Supplied data:
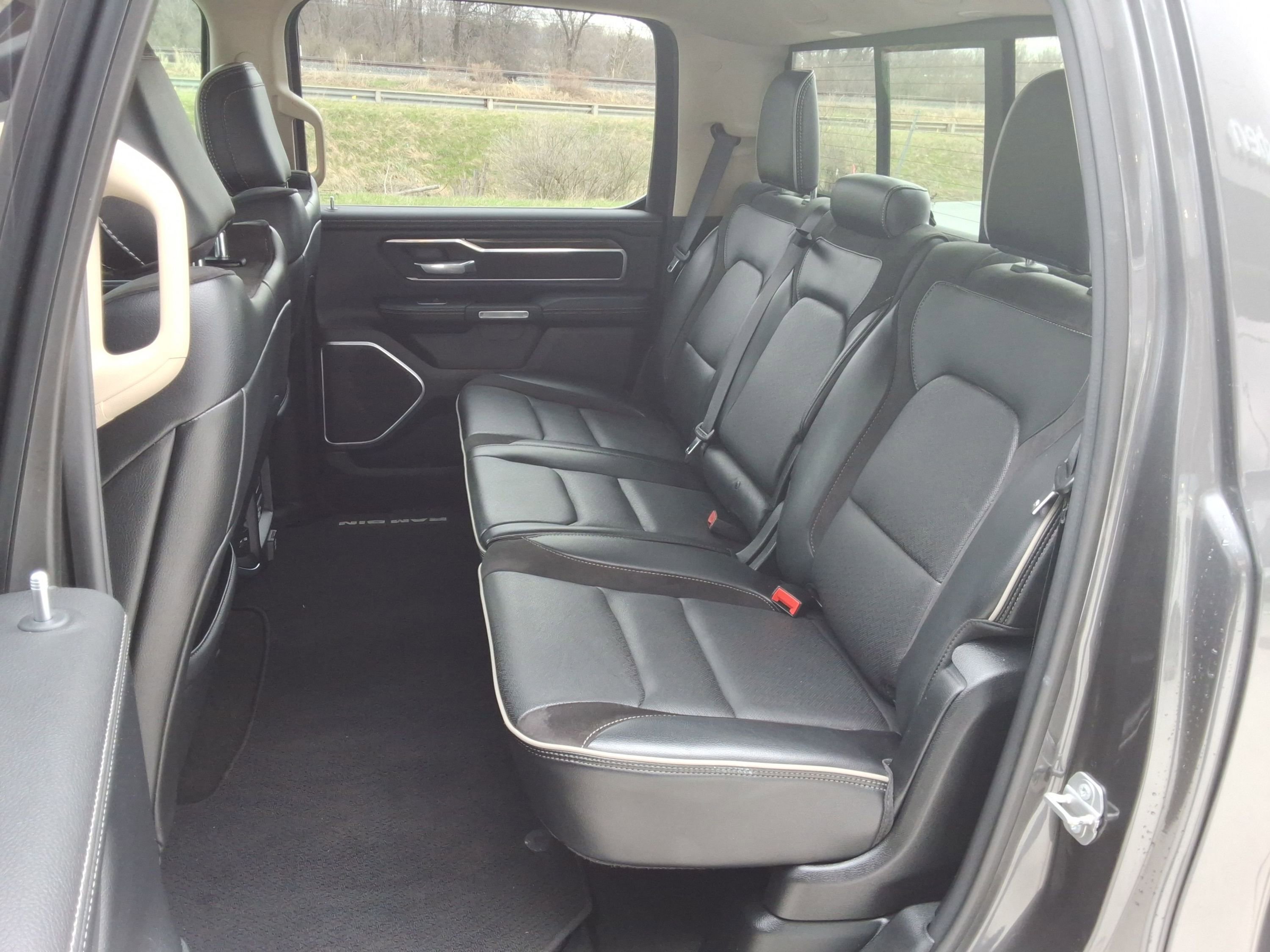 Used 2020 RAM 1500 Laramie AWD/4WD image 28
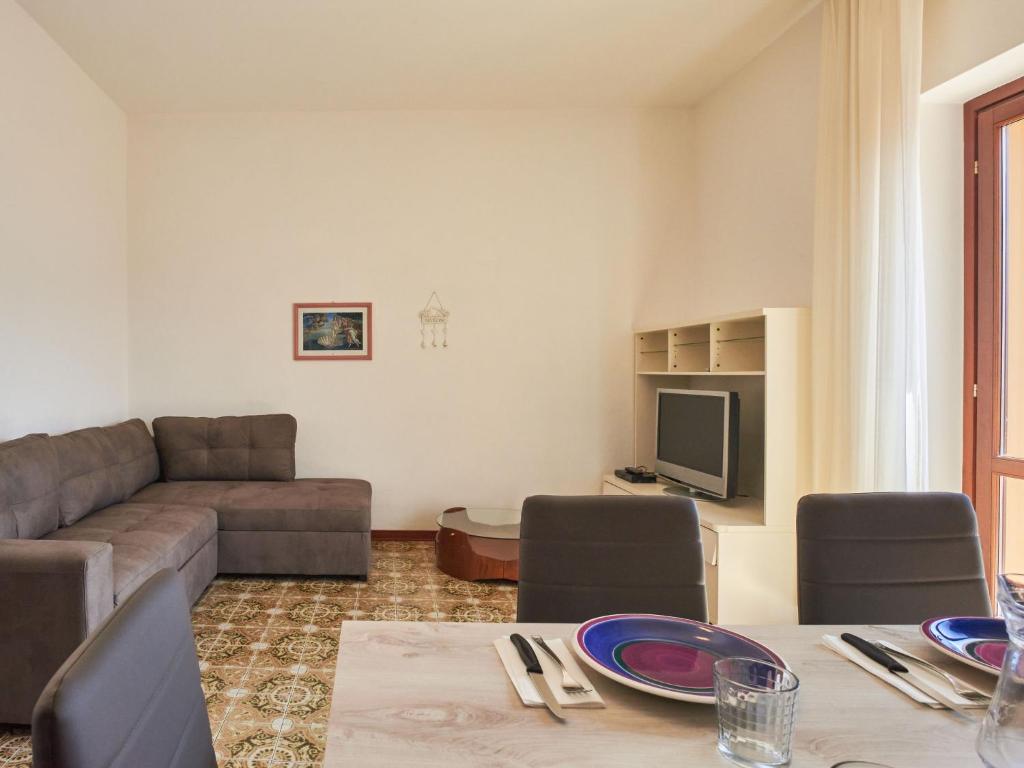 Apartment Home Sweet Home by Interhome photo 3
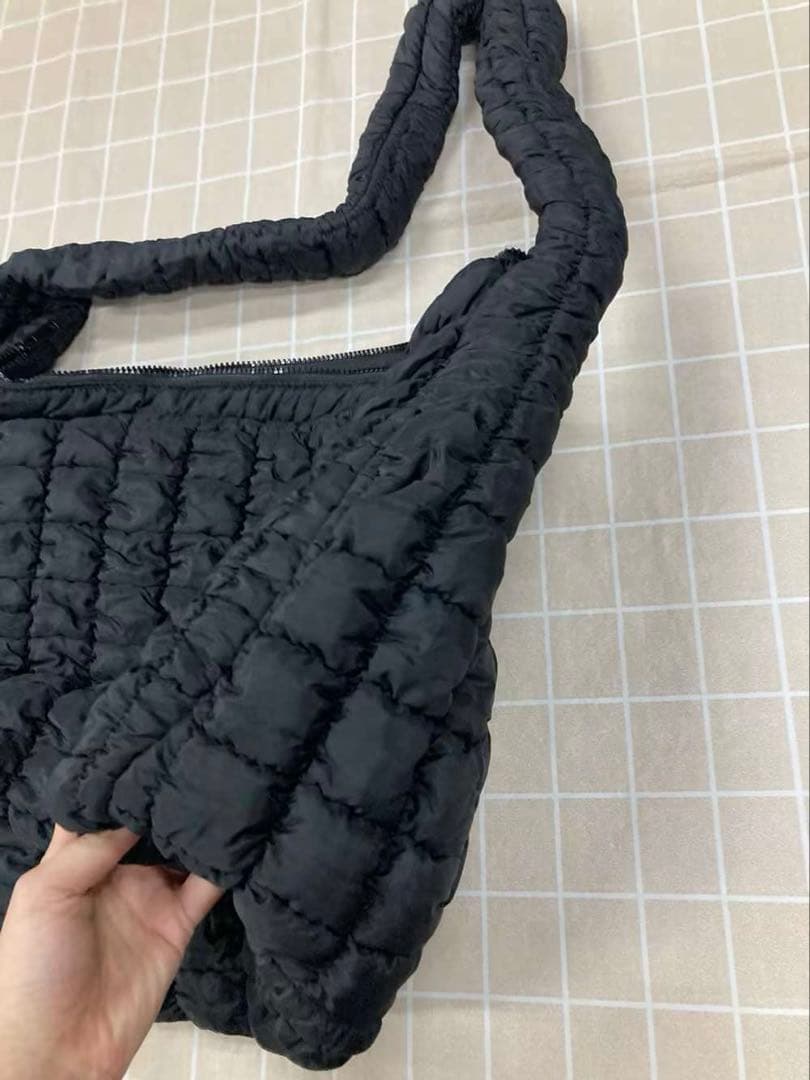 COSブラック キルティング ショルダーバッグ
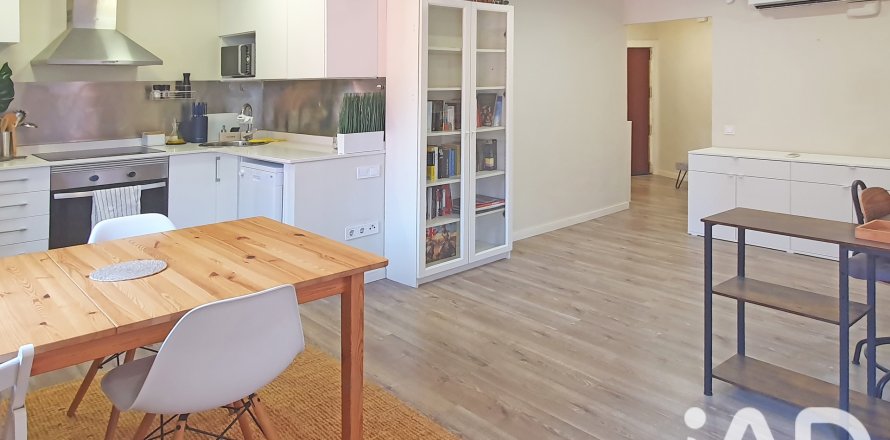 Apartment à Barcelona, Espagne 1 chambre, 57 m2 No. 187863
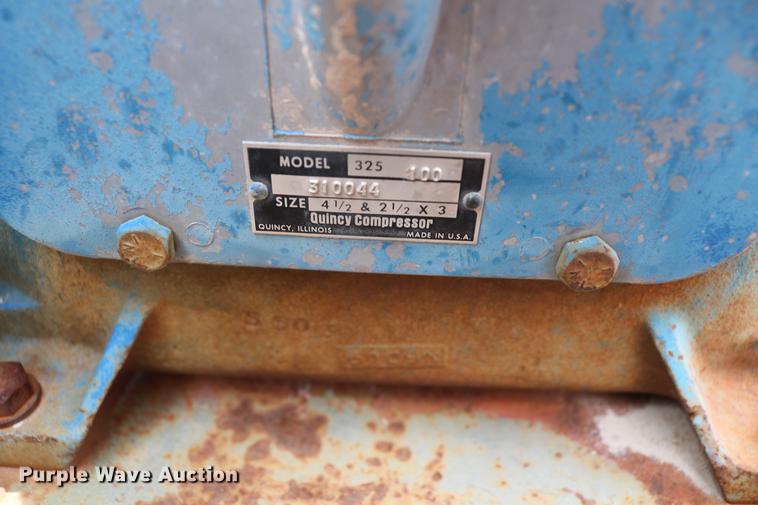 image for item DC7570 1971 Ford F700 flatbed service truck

What the task requires: Output the material above verbatim but exclude each picture.

Answer to this task:
 Used 2020 RAM 1500 Laramie AWD/4WD image 28
 Apartment Home Sweet Home by Interhome photo 3
 COSブラック キルティング ショルダーバッグ
 Apartment à Barcelona, Espagne 1 chambre, 57 m2 No. 187863
 image for item DC7570 1971 Ford F700 flatbed service truck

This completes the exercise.